Illustration: Andrew Dyson

Illustration: Andrew Dyson

IT'S likely the people around you know whether you'll ever ''make it''; that is, make and keep enough money to secure the life you crave. They'll know this simply by observing your behaviour. And they'll know it quickly.

If you're game, ask their opinion to see if they squirm.

The wrong attitude to your cash - leading you to do the wrong things with it - indicates a ticking financial time bomb. Here are the mistakes that will lead to an explosion:

Missing the (second) once-in-a-lifetime opportunity to repay your mortgage fast and save a fortune. Official interest rates have returned to the record lows set during the credit crack-up, and home-loan rates have plunged about 4 percentage points. Say they hypothetically stayed here and you hadn't ever reduced your repayments, the extra $700 or so you would be contributing to a $300,000 mortgage would save you $118,000 and almost 11 years.

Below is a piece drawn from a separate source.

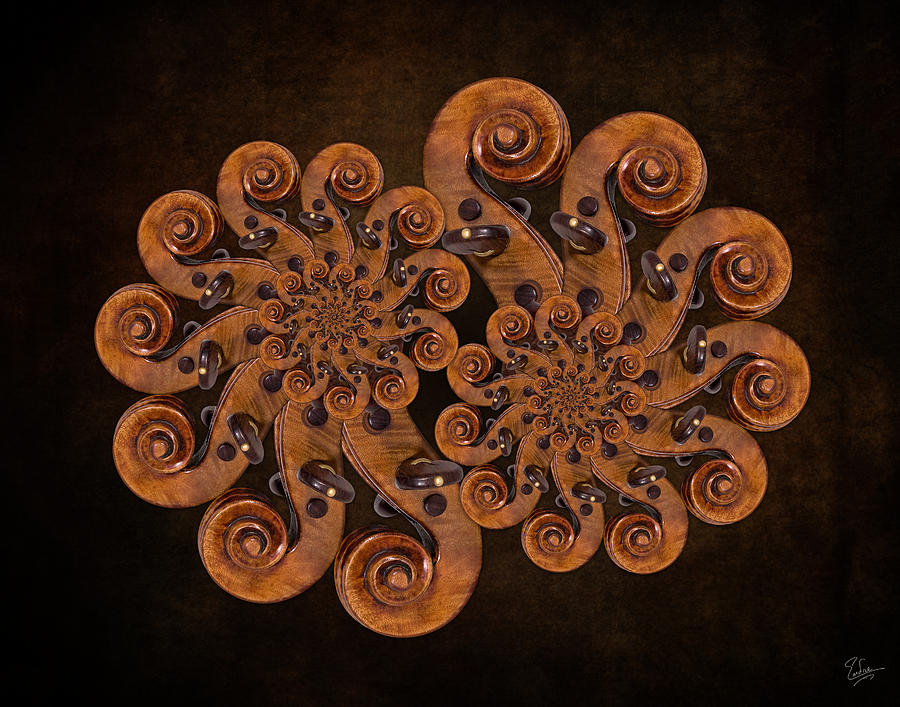 Double Stradivarius Scroll Spirals Photograph by Endre Balogh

Keeping lazy savings. There is no excuse for holding money in low-interest savings accounts. You should be getting about 5 per cent (taxed) or, better still if you have a mortgage, an effective return of about 5.5 per cent (tax-free) by sticking it in there.

Not grabbing gifts such as government allowances, benefits and super giveaways. The big ones you need to apply for include first-home buyer concessions, family tax benefits, baby bonuses or paid parental leave, childcare assistance and the super co-contribution.

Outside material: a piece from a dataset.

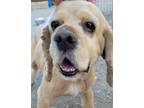 Adopt Noah a Tan/Yellow/Fawn Cocker Spaniel / Mixed dog in Jamestown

Falling into the yawning traps set by finance companies. The largest are making new spending on 0 per cent balance-transfer credit cards - this will be charged at an eye-watering interest rate. If you are ahead on mortgage repayments, then taking up a thoughtful offer to reduce your repayments is designed to recoup the lender's lost interest. Also, if you breach the conditions to get the headline rate on savings accounts, you will lose out. You must hit the monthly requirements or the institution wins.

Staying out of the sharemarket, perhaps in favour of cash or bonds. Yes, the credit crack-up was confronting but you need growth assets such as shares and property to reach your goals. The key is to balance these with more stable, income-producing assets. The fortunes of markets can turn on the head of a pin - witness the 20 per cent share recovery in the past year - and you need to be invested to benefit. Remember this applies to your super, too.

Over-leveraging. Heed the main lesson of the global meltdown and use investment debt sensibly: limit it to an appropriate amount and have the means to cover it if a market turns hostile.

And the big one:

Year after year using credit to spend more than you earn. This short-sighted behaviour has the greatest potential to sabotage your future. To be a financial success you don't need to be particularly clued up, but you can't be clueless, either.